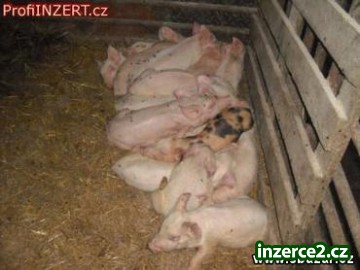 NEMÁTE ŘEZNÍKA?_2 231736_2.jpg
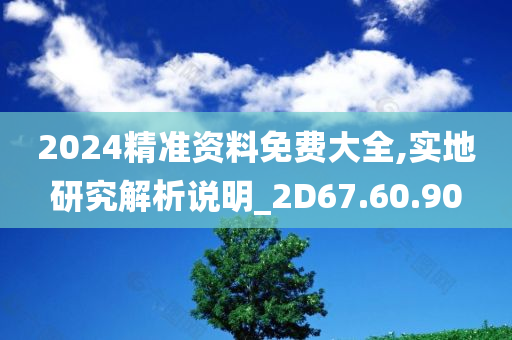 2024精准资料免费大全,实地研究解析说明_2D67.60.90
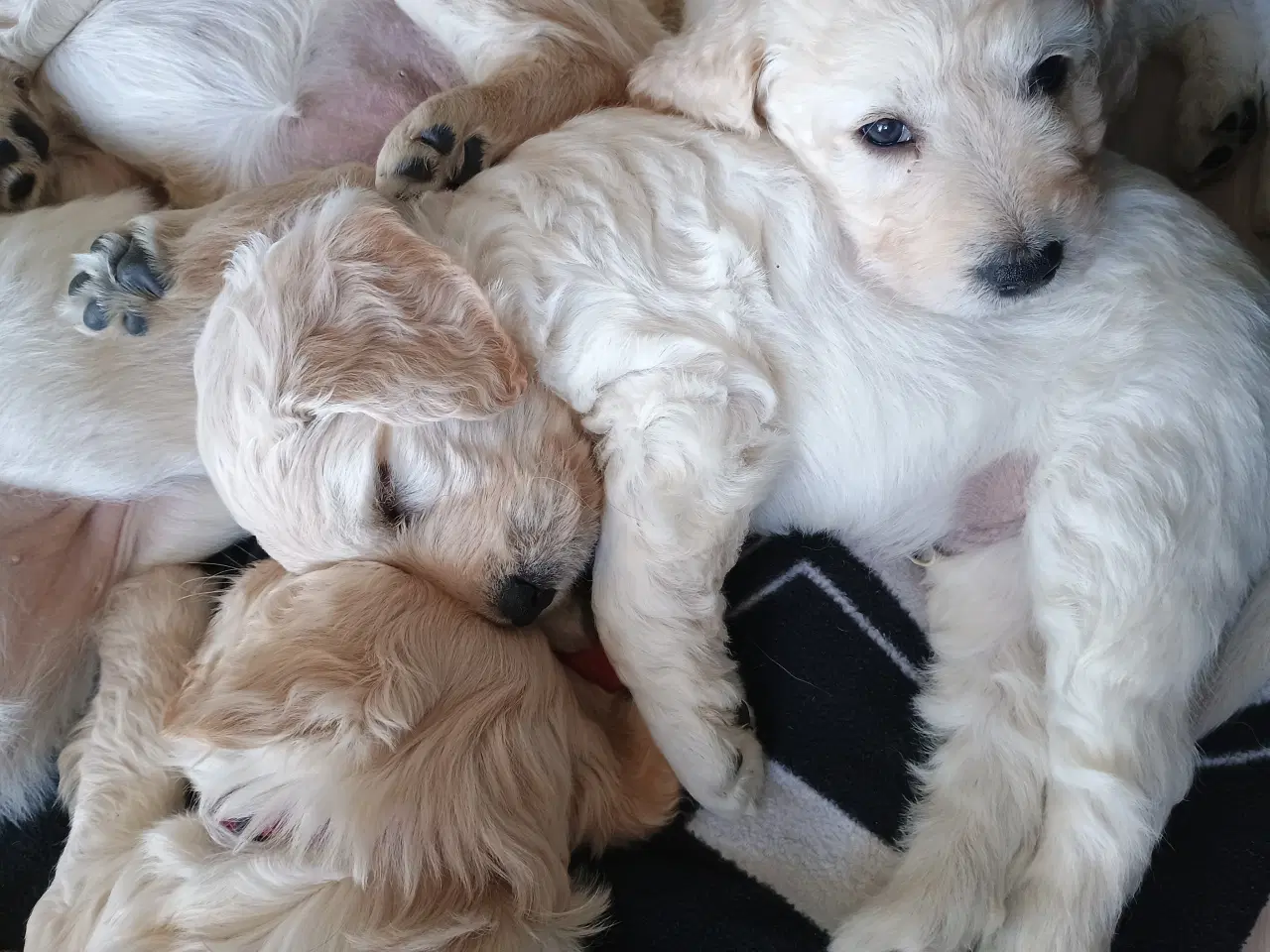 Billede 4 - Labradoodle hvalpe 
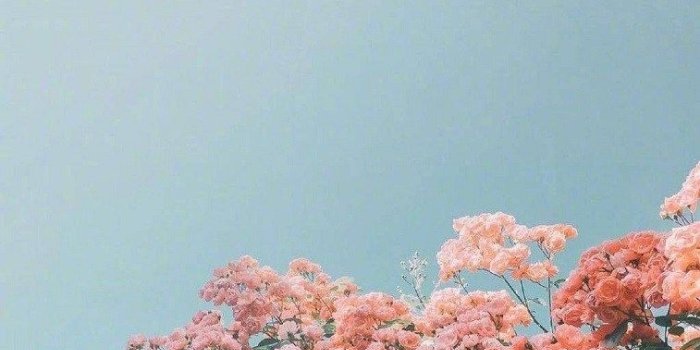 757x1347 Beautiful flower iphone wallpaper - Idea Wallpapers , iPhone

Task to complete
Beginning with the line that contains "2024精准资料免费大全,实地研究解析说明_2D67.60.90" in the data above, please copy each line exactly until the last line, both ends included, skipping any pictures.

Result of the task
 2024精准资料免费大全,实地研究解析说明_2D67.60.90
 Billede 4 - Labradoodle hvalpe 
 757x1347 Beautiful flower iphone wallpaper - Idea Wallpapers , iPhone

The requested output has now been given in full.